What you return must match the listing below character for character, minus any pictures.

--- GIVEN DATA ---

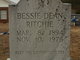  Bessie E. <I>Dean</I> Ritchie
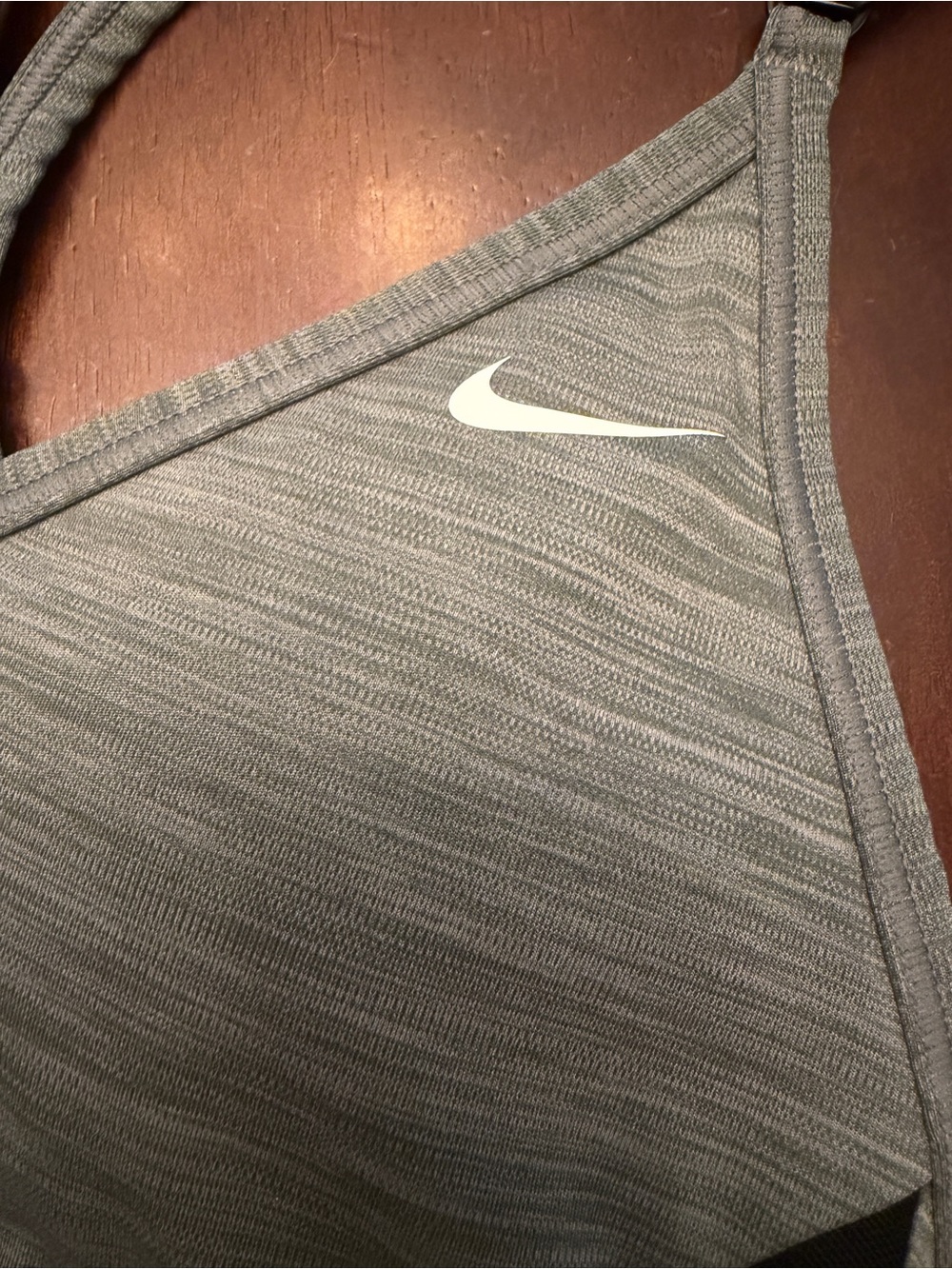Nike Grey and Black Low-Impact Sports Bra - Picture 6 of 8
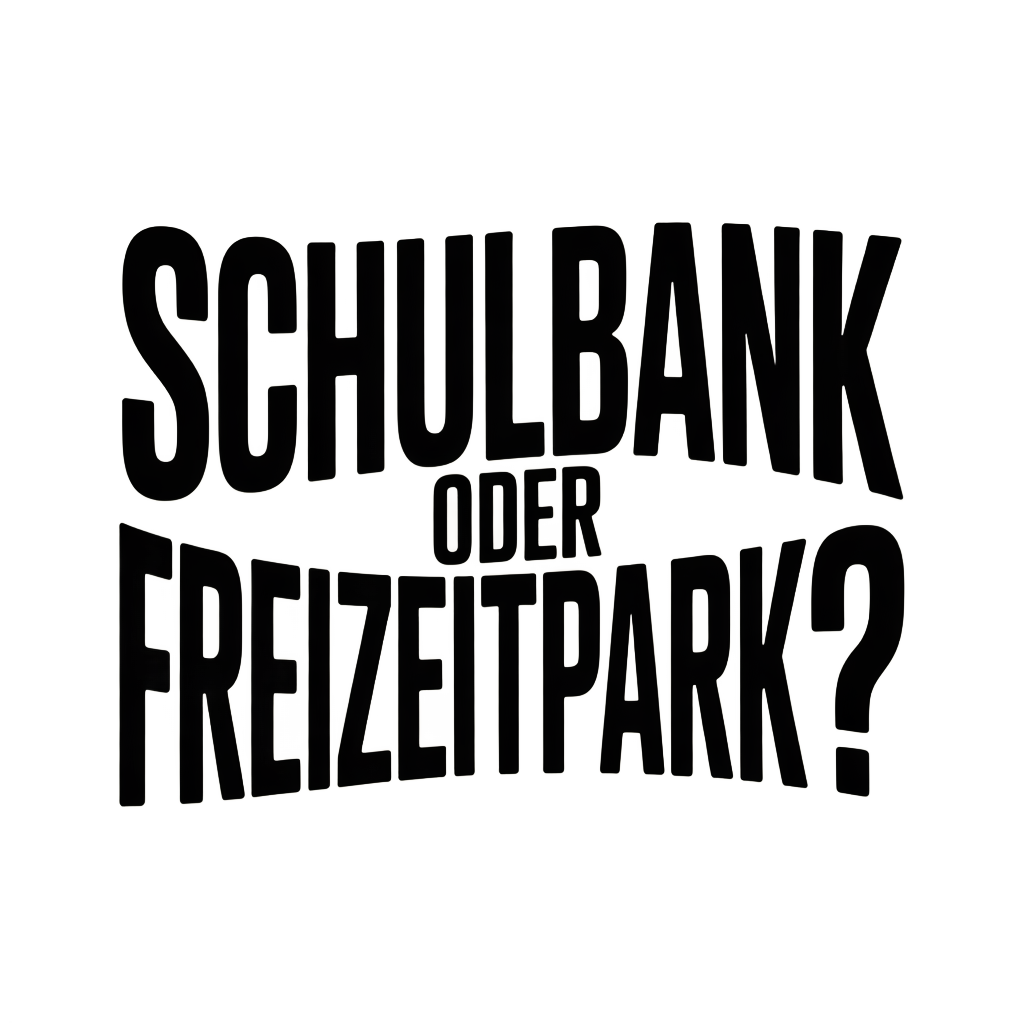 Schulbank oder Freizeitpark?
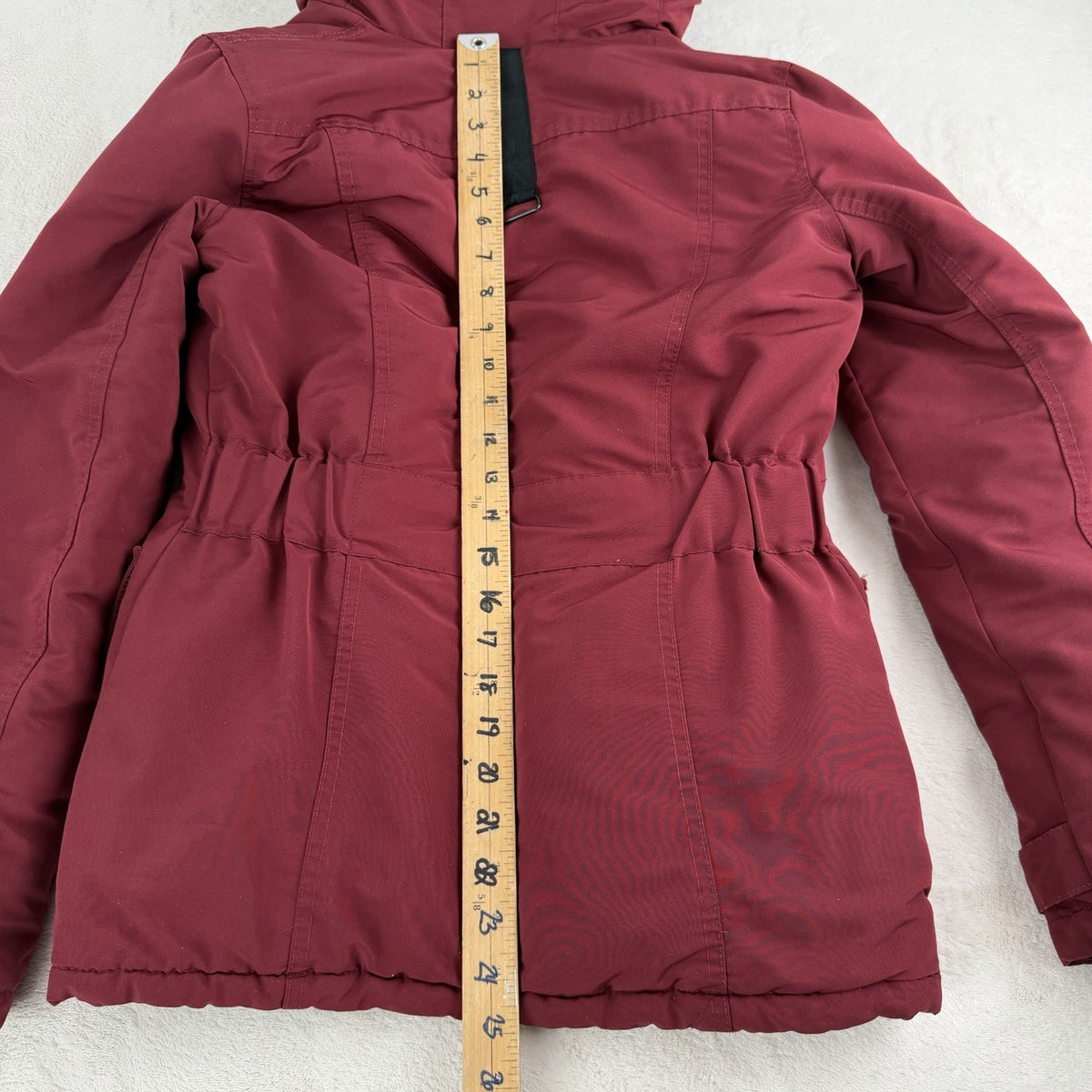 Bluenotes Women’s Parka Coat X-Small  Insulated Hooded Removable Fur 4 Pockets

---

• _RESULT OF THIS EXERCISE_
  Bessie E. <I>Dean</I> Ritchie
Nike Grey and Black Low-Impact Sports Bra - Picture 6 of 8
 Schulbank oder Freizeitpark?
 Bluenotes Women’s Parka Coat X-Small  Insulated Hooded Removable Fur 4 Pockets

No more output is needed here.